### [BRIEF]
Going from the line that contains "Hähnchen-Tomaten-Auflauf Rezept" through the last line of the records, set down each line again exactly, both included, with pictures left out.

### [TASK MATERIAL]
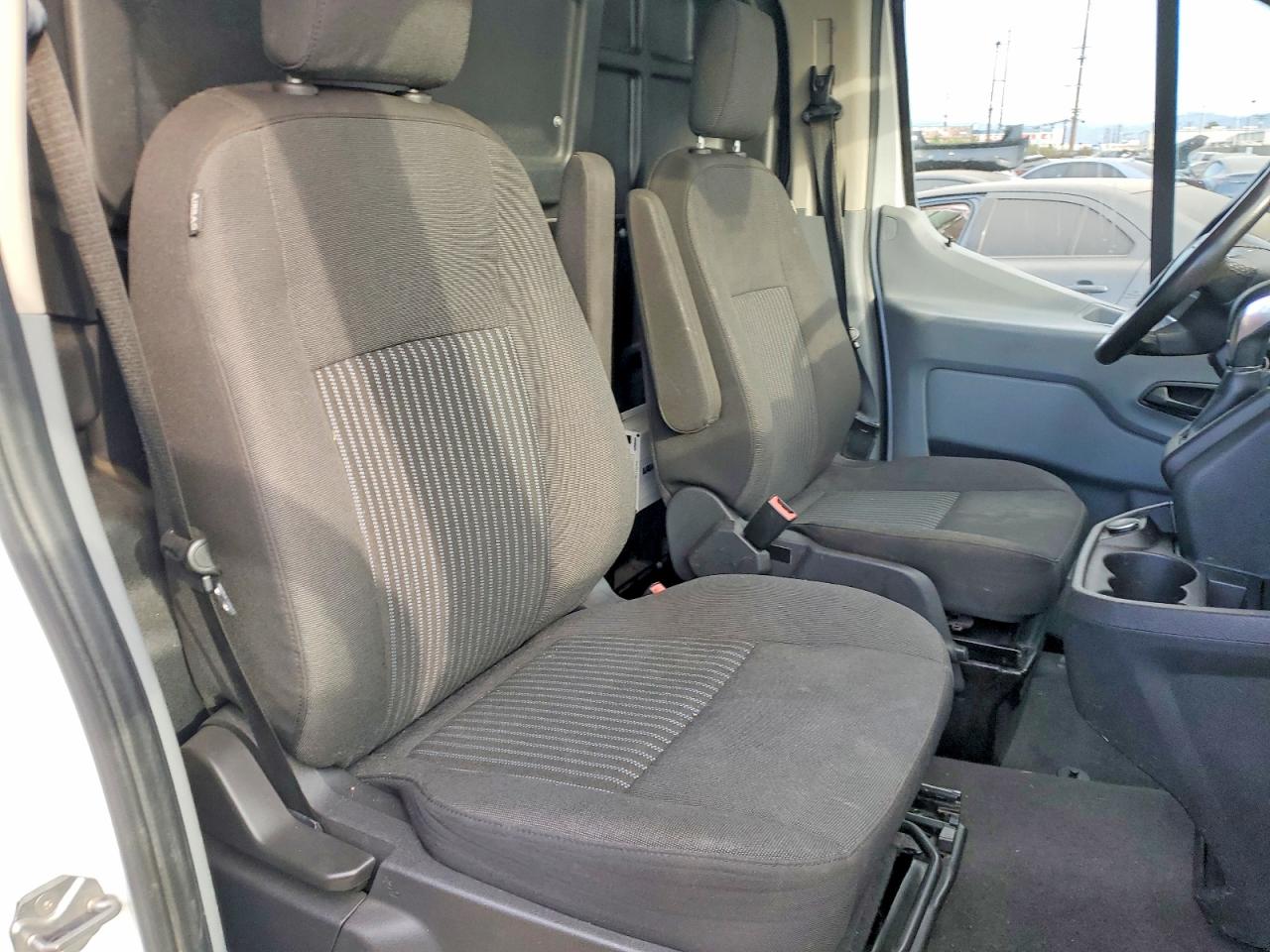 2018 FORD TRANSIT 250 DELIVERY VAN photo 21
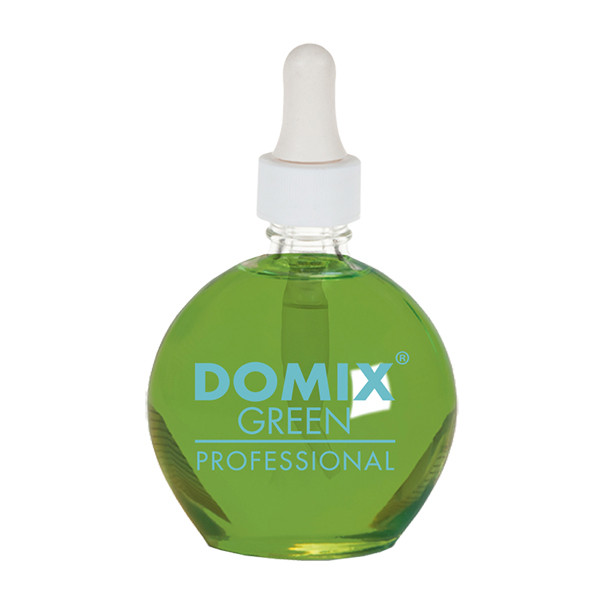 Domix Масло для ногтей и кутикулы "Авокадо" с пипеткой OIL FOR NAILS and CUTICLE 75 мл 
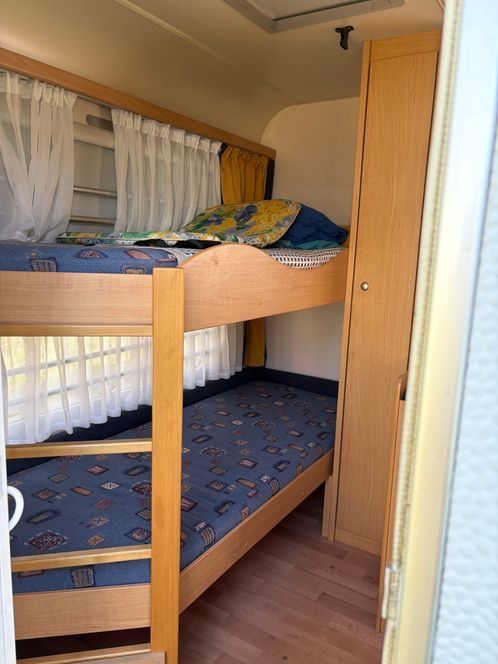 Rimorchi: Wohnwagen – Usato da Oberentfelden venduto da Albatros024 2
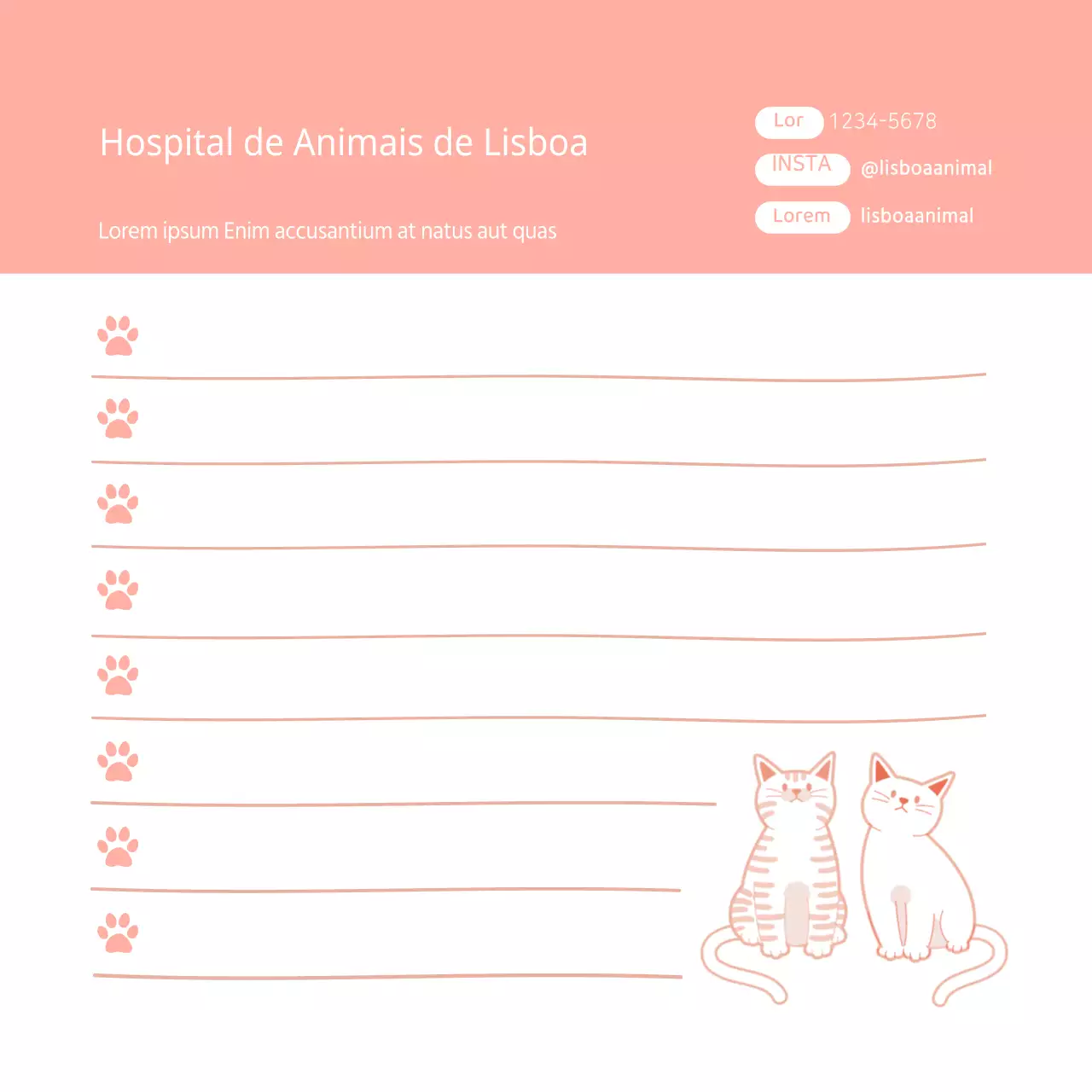 Hospital de animais 01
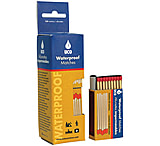 Image of Texsport Waterproof Matches (4 Boxes)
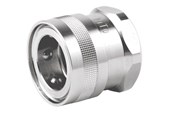 Slanger, koblinger, beslag og tilbehør - Nito 1" coupler with 1" female bsp - 74500A3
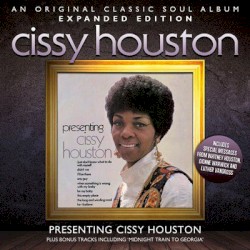 Presenting Cissy Houston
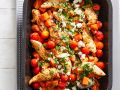 Hähnchen-Tomaten-Auflauf Rezept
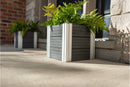 URBANA 12” Cube Planter Planter Vita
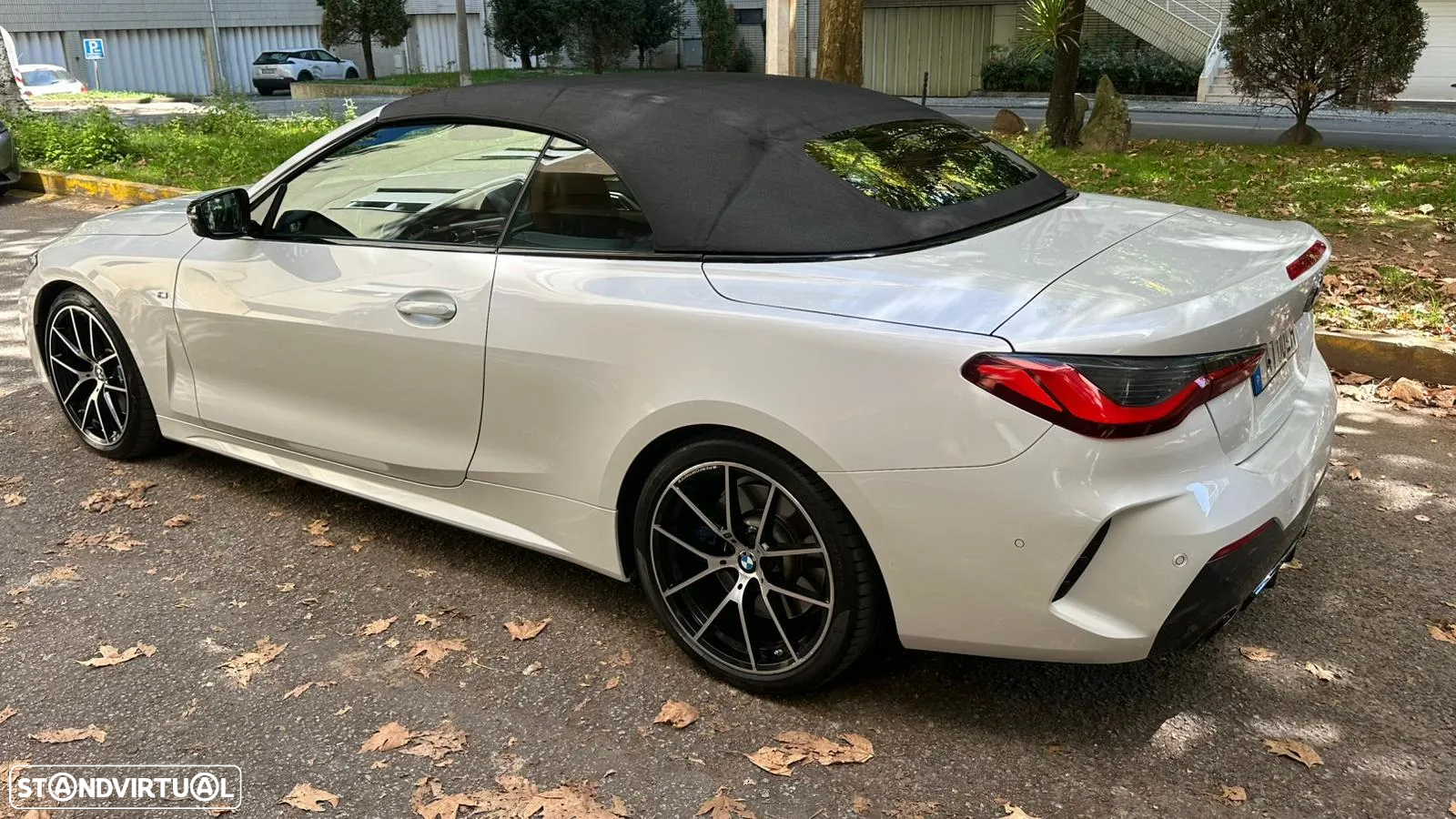 BMW 420 d Cabrio M Sport - 7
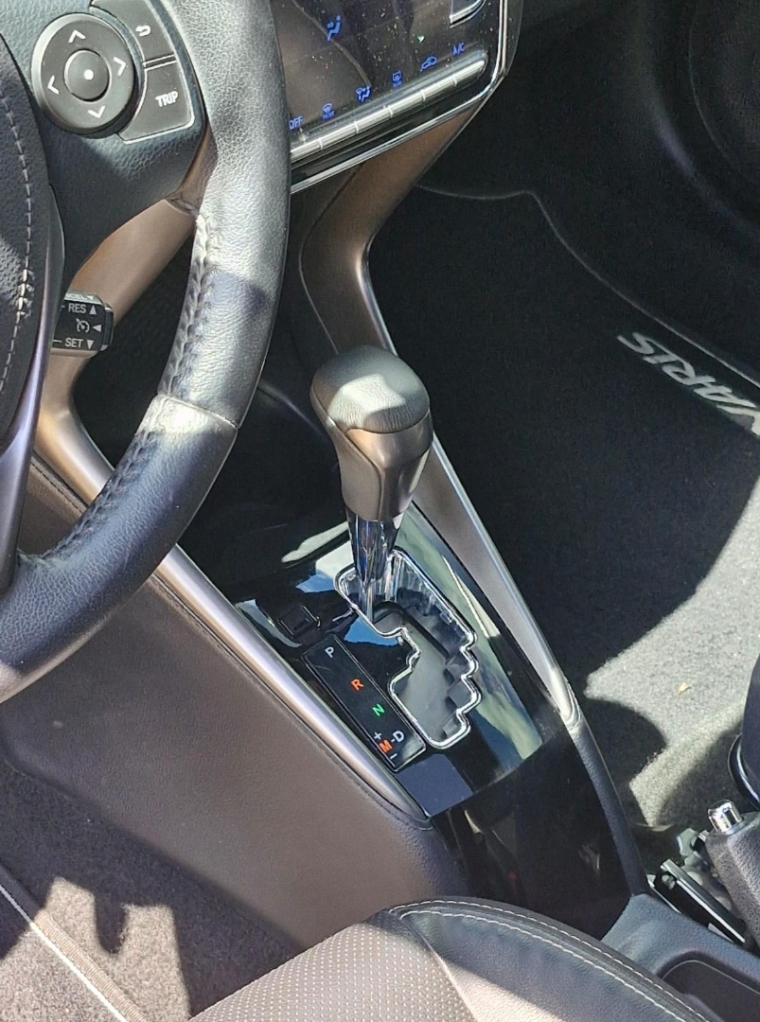 toyota yaris 1.5 16v flex sedan xls connect multidrive 4p automatico 202313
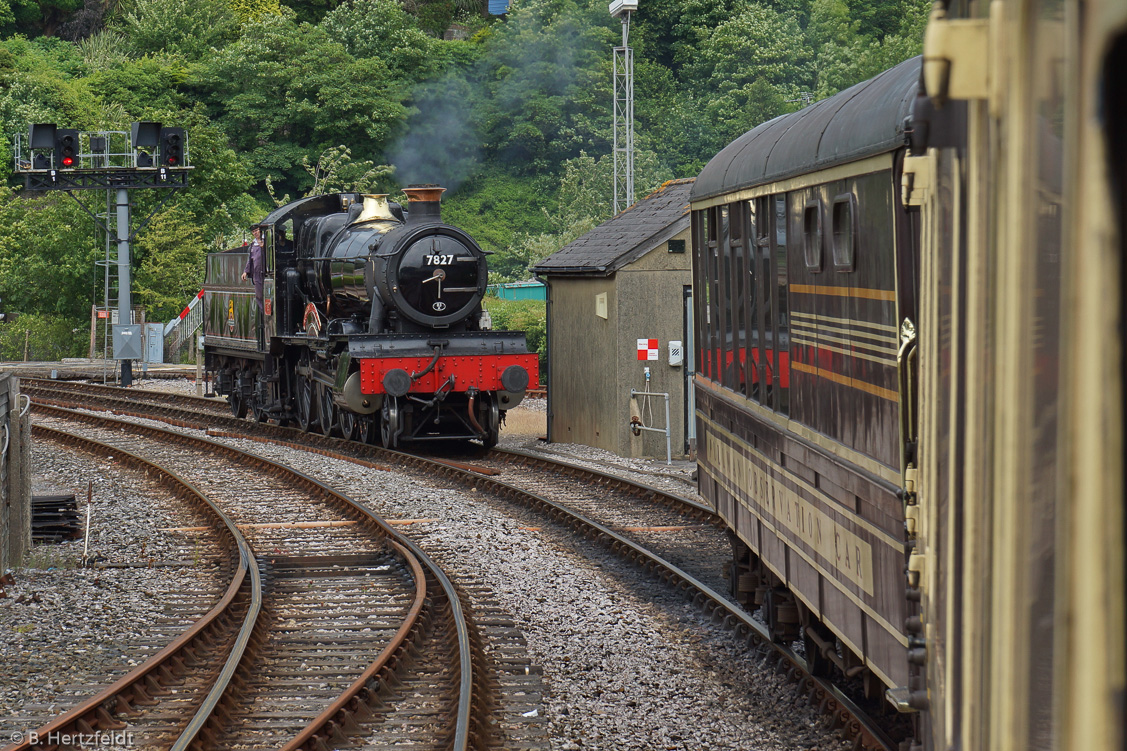 Eisenbahn in und um Kiel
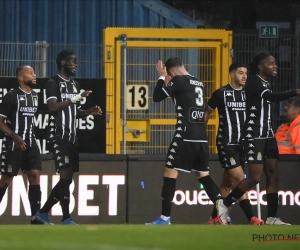 Charleroi confirme le coup de mou des Pandas et se redonne le sourire après la Coupe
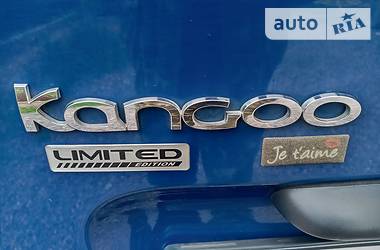 Минивэн Renault Kangoo 2010 в Фастове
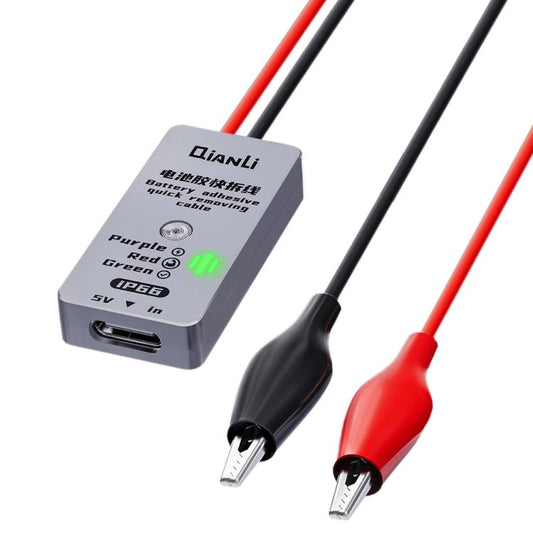 Qianli iP66 Battery Adhesive Quick Removing Cable for iPhone - Dust Remove Tool by QIANLI | Online Shopping UK | buy2fix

### [ANSWER BOX]
 Hähnchen-Tomaten-Auflauf Rezept
 URBANA 12” Cube Planter Planter Vita
 BMW 420 d Cabrio M Sport - 7
 toyota yaris 1.5 16v flex sedan xls connect multidrive 4p automatico 202313
 Eisenbahn in und um Kiel
 Charleroi confirme le coup de mou des Pandas et se redonne le sourire après la Coupe
 Минивэн Renault Kangoo 2010 в Фастове
 Qianli iP66 Battery Adhesive Quick Removing Cable for iPhone - Dust Remove Tool by QIANLI | Online Shopping UK | buy2fix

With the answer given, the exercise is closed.